Open Borders are worth about 50g if the AI trusts you; the price doesn't seem to go up so much as that they will simply refuse at any price if they don't. This doesn't seem to change with game speed.
For luxuries, on a normal-speed game at any difficulty an AI who likes you and needs a luxury will pay about 200g for it. This will go down if they dislike you or they don't need a luxury. Trading luxuries straight across if they need one will also work, but if they don't need one they won't. In recent patches AIs are a bit better about realizing that they may want that luxury soon even if they are OK this turn, and take the deal.
AIs do multiply the value of a luxury by the game speed factor, but the treaty duration is also increased. Whether this is actually "fair" is a complex question, and depends on what you are using gold for.
So on normal speed, an AI who likes you and needs a luxury will pay about 200g to get it for 30 turns. On Epic speed, the same AI will pay about 300g to get it for 45 turns. Of course, in those 45 turns the AI will still get to build and research only as much, relatively as it would have in 30 turns on normal, so this seems generous.
But the value of gold is changed in complex ways by the game speed:
Because construction costs are multiplied by the game speed, so are rush costs in gold. Thus gold spent on rushing is inflated in a longer game. If you sell a luxury to rush a building, the increased price is exactly fair.

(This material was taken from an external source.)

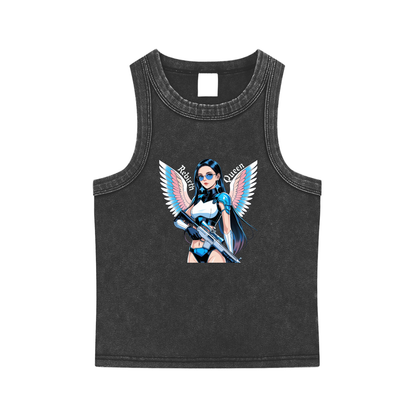 Livy J Snow Washed Tank Top
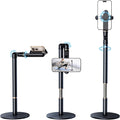 Retractable Phone Stand for Desk10.2-24.4in Height Adjustable Rotating Phone Holder for RecordingAluminium Overhead Phone Mount for iPhone &amp 4.7-7in Cell Phones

Research Agreement costs are the same regardless of game speed (only a function of your era), but the duration, which in this case is the delay for payoff, is multiplied. So here too gold is devalued by slower game speeds, and if you sell a luxurty to get cash for a research agreement you are getting a fair deal.
City-State bribes I'm less sure about. The bribe amounts and amount of favor they buy seems unchanged. I doubt very much that the favor decay mechanics are *divided* by the game speed, which is what it would take to make CS bribery reflect the same inflation as other gold costs. In fact, my unverified impression is that the decay speed per turn is either unchanged or actually slowed down, making the value of a bribe unchanged by game speed. So the slower the game speed, the more of an advantage you are getting if you are selling a resource to bribe a CS.
This last conclusion also matches my overall impression from playing several games with otherwise-identical settings on Epic vs on Normal speed. It's much more practical to bribe a couple CSes and keep them bribed even as early as the Renaissance, even if you aren't Greece and don't take Patronage.